* **What is needed**
In the material below, the lines between the one holding "BLACK + 標準レンズ 50mm" and the one holding "Сколько идет огурцов", inclusive, are to be set down word for word. Pictures stay out.

* **Excerpted data**
_ _ _
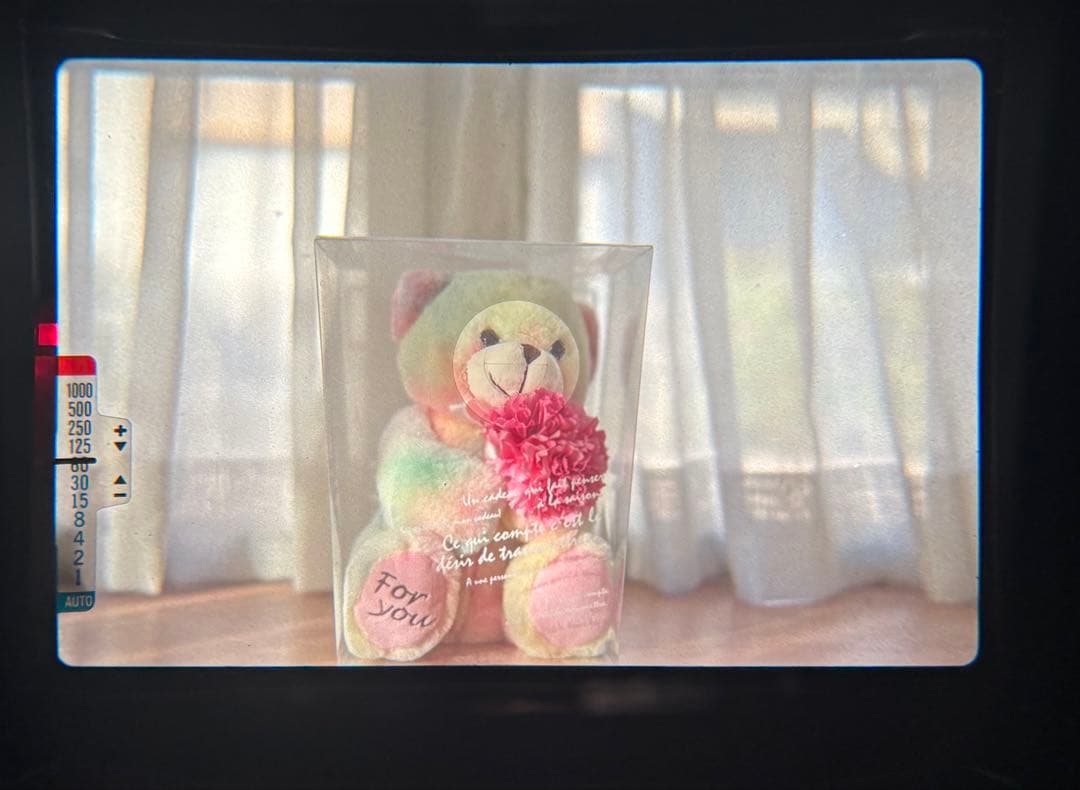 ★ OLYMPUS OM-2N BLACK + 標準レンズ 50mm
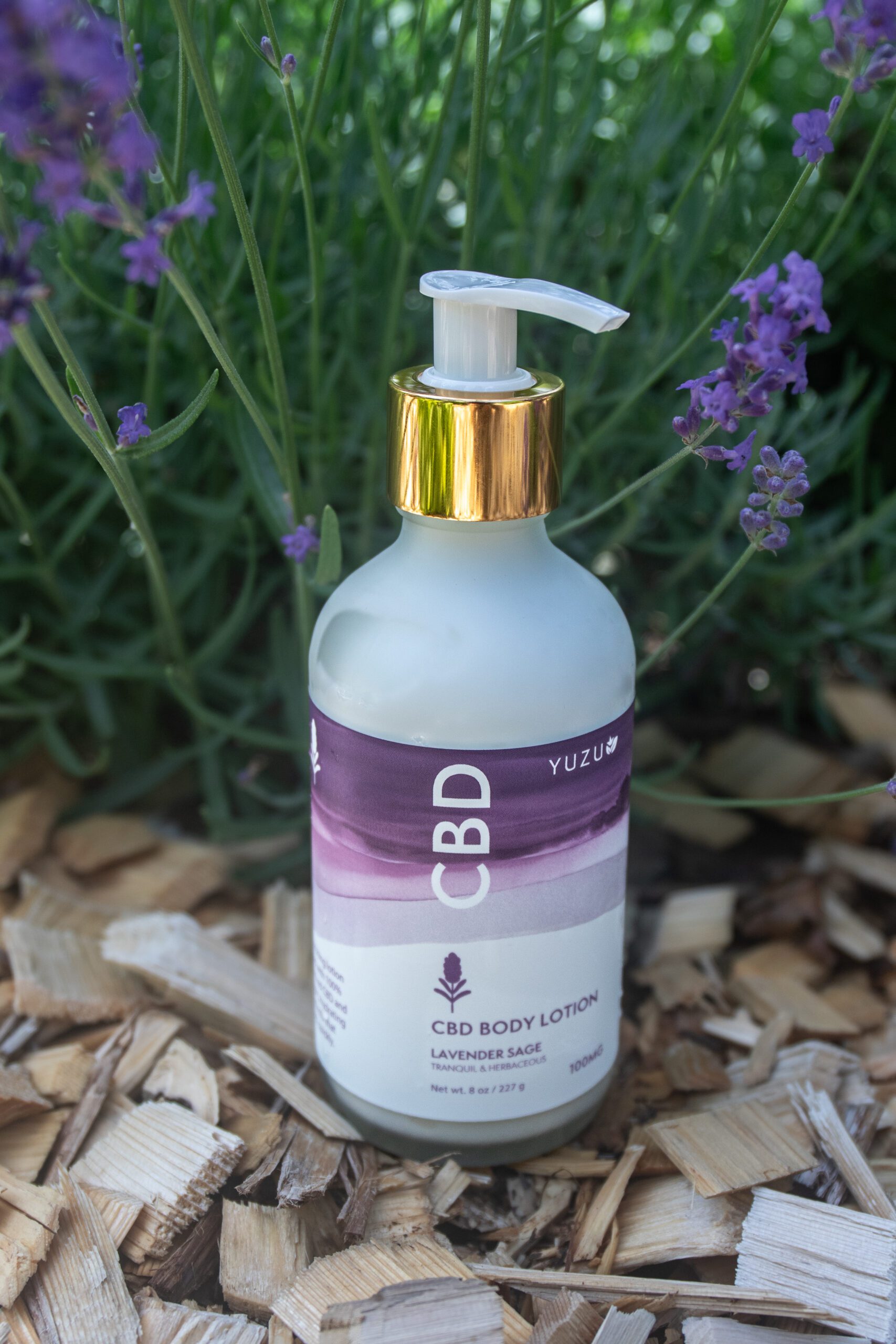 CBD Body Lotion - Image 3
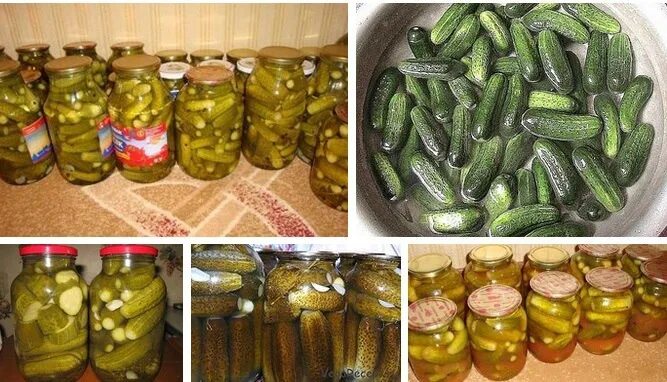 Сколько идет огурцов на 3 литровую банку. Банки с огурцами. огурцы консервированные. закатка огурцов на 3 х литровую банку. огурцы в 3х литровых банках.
_ _ _
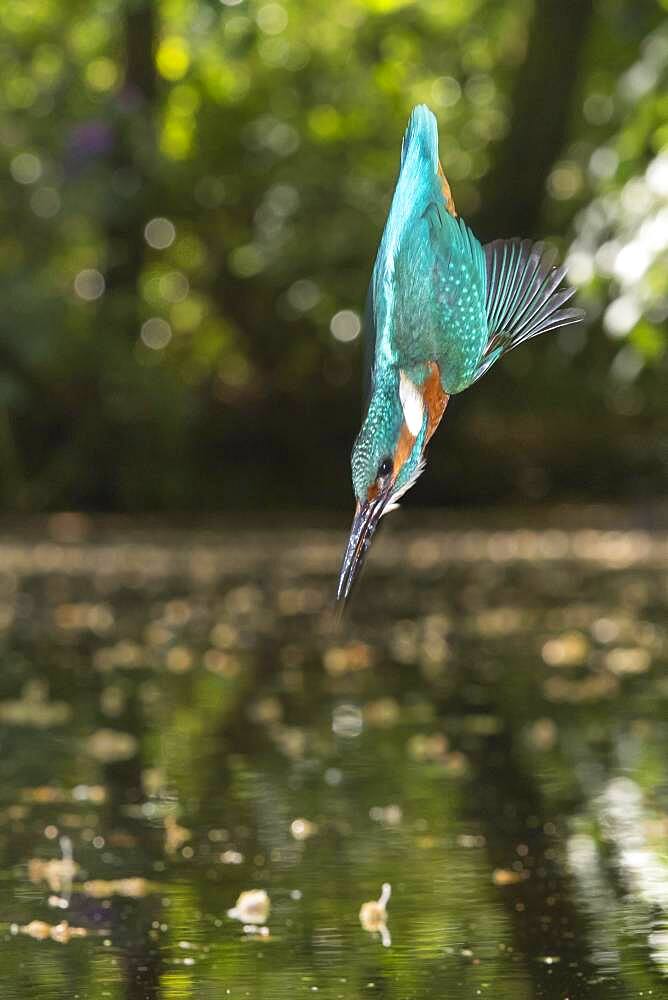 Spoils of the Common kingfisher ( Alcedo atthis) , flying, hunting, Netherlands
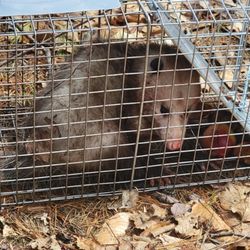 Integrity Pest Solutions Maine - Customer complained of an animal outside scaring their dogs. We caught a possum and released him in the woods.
_ _ _
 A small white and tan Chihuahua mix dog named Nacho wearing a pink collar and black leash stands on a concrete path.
_ _ _
* **Result**
 ★ OLYMPUS OM-2N BLACK + 標準レンズ 50mm
 CBD Body Lotion - Image 3
 Сколько идет огурцов на 3 литровую банку. Банки с огурцами. огурцы консервированные. закатка огурцов на 3 х литровую банку. огурцы в 3х литровых банках.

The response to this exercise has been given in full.